A word-for-word retyping of the listing below is required, with the pictures dropped.

▶ _Recorded data_
════════

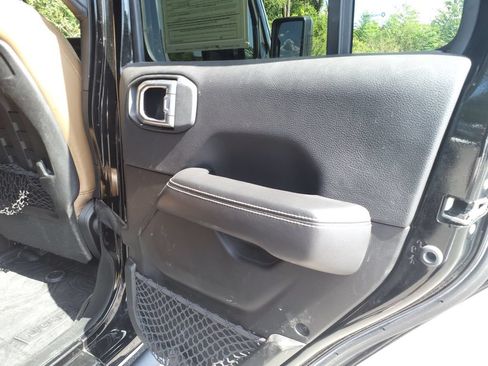 Used 2020 Jeep Wrangler Unlimited Rubicon AWD/4WD image 15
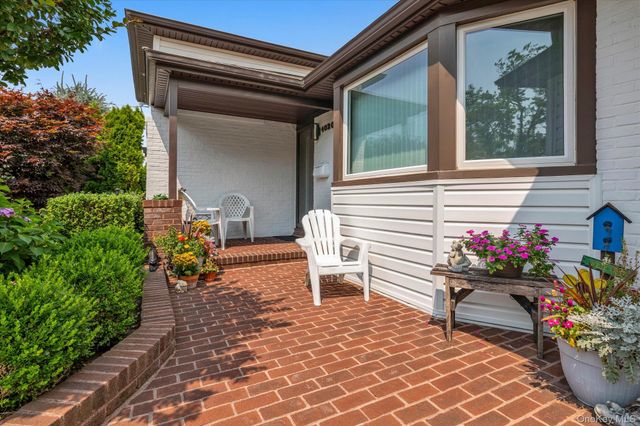 4020 Judith Lane, Oceanside, NY 11572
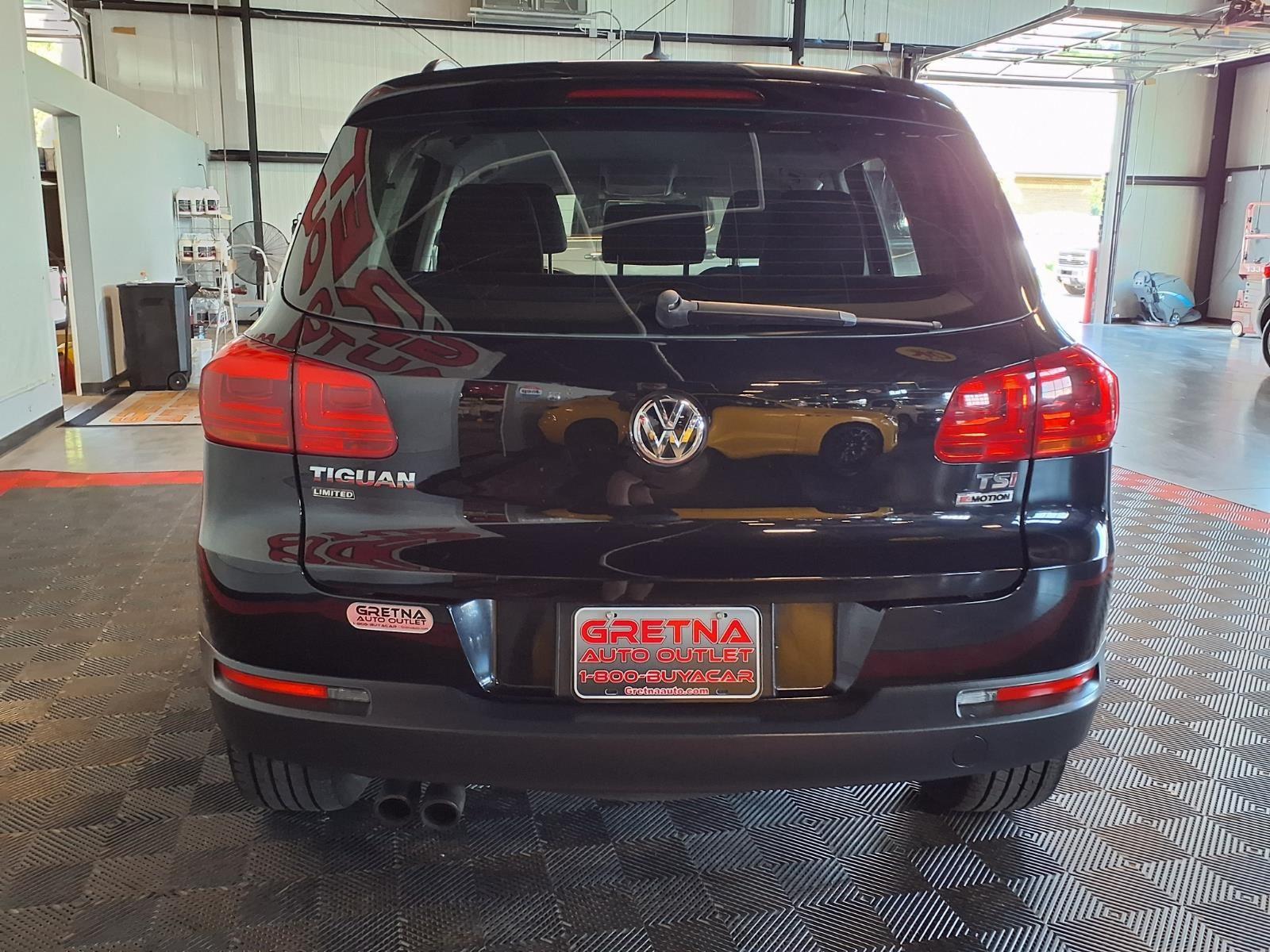 2017 Volkswagen Tiguan Limited - Deep Black Pearl Metallic exterior view 6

════════

▶ _Solution for this exercise_
 Used 2020 Jeep Wrangler Unlimited Rubicon AWD/4WD image 15
 4020 Judith Lane, Oceanside, NY 11572
 2017 Volkswagen Tiguan Limited - Deep Black Pearl Metallic exterior view 6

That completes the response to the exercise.